Big-time dunk Luke Maye dunk, assist from Pinson.— Dadgum Box Scores (@dadgumboxscores) December 17, 2017
Theo has 7 assists and 5 rebounds. pic.twitter.com/FsnKnQYqlQ
Maye finished tied with his classmate Kenny Williams for 15 points, only topped by Berry’s 21. It may not be his biggest point total of the season, but it may be his most important to date, as it showed he can recover from a rough start. It won’t be the last time a team works to deny him the ball, and seeing him adjust and find his way back into the offense was good. It’ll come in handy during ACC play.
Jalek Felton still has some growing pains
One of the reasons Maye wasn’t able to get into the flow in the first half was the two fouls from their senior point guard. Roy Williams pulled Berry soon after his second foul, and opted to give the freshman Felton the rest of the half to show what he could do.

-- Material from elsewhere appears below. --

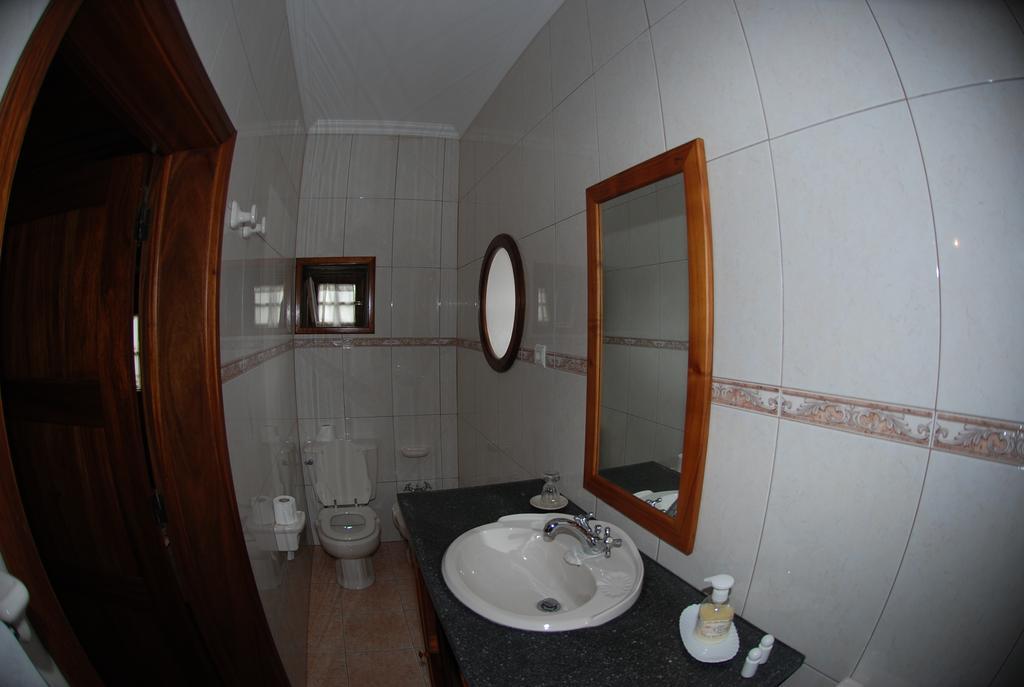 Villa Quinta Dos Figos "5 Trevos Gold" Praia da Vitória Zimmer foto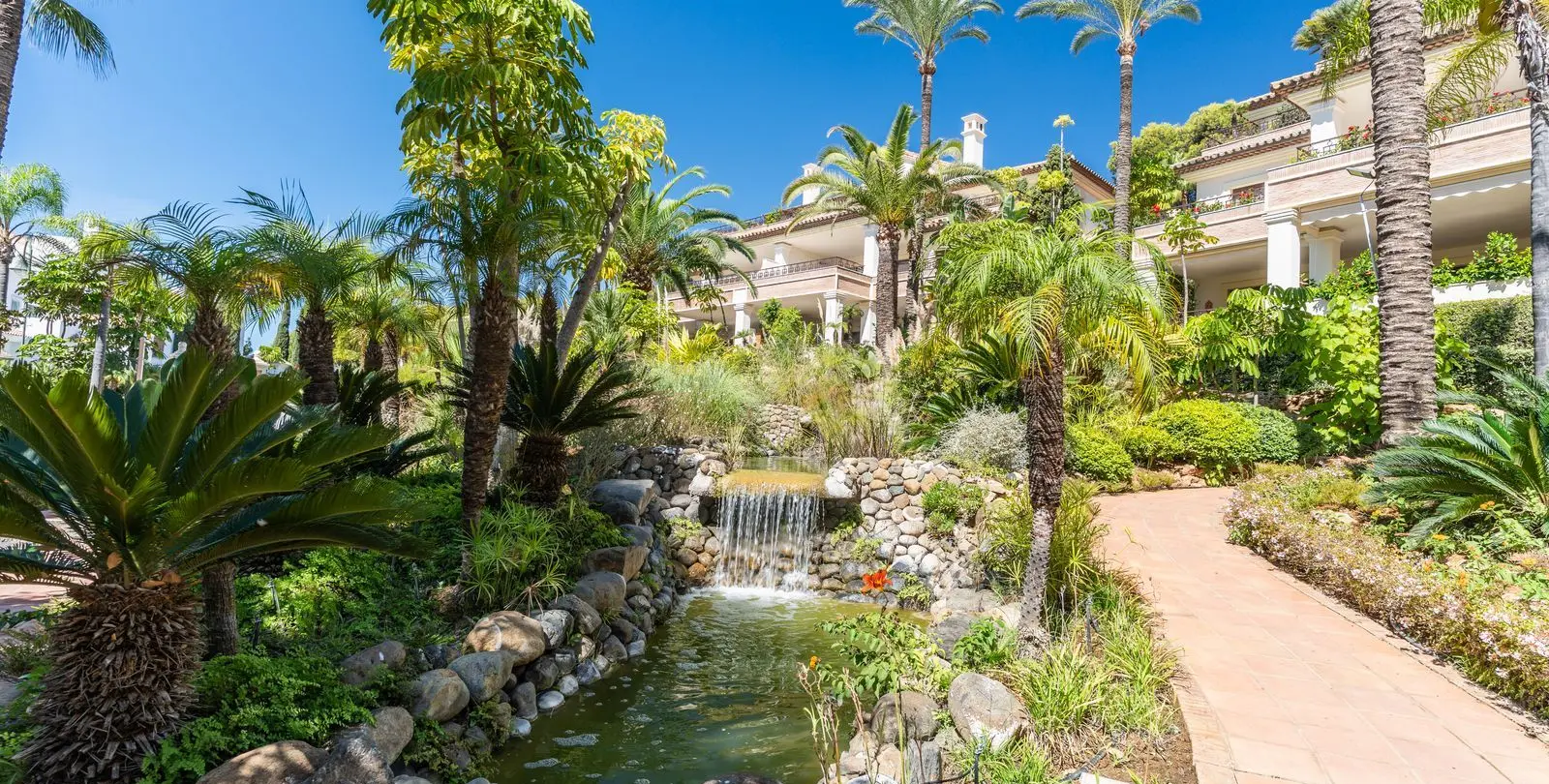 Venta de apartamento en planta media en Los Monteros 37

It was a typical December move by the veteran head coach. With Seventh Woods likely to be out for a significant portion of the season, if not the whole rest of it, Williams opted to use this as a teaching moment for the young Felton. Today won’t be the last time that Berry will have foul trouble in the first half, as we all remember that Duke game in the ACC Tournament all too well. As Felton is going to be the only backup, it was important for him to take the helm in a big road game to see what he could do.
Felton struggled, there’s no other way to say it. The freshman missed the only two shots he took, had three turnovers, and only two assists. When he was out there, it was a reminder of just how firm a grasp of the offense that Berry had while reminding us how much Felton has to learn. He didn’t do himself any favors in the second half when he lost the ball trying to dribble it between his legs while Williams was doing his “sit Berry before the TV Timeout to steal more rest for him” move.
That said, Tennessee was never able to completely cut out the legs from Carolina. Despite the struggles, the play at the end of the first half was what you want to see from Carolina Basketball. It should help teach the freshman that what he got away with in high school won’t work at this level, and the experience will pay off in the long run. In the end, Carolina got the win with Berry only playing 28 minutes against a top 20 ranked team. There’s a lot to work with.
Overall, to say this is a good win is an undersell. When you look at the circumstances, this is their best of the season so far. It’s also the type of game that the NCAA committee remembers in March when they are setting up seeds. Next up, a sneaky Wofford team that already has a win over the reigning ACC Coach of the Year.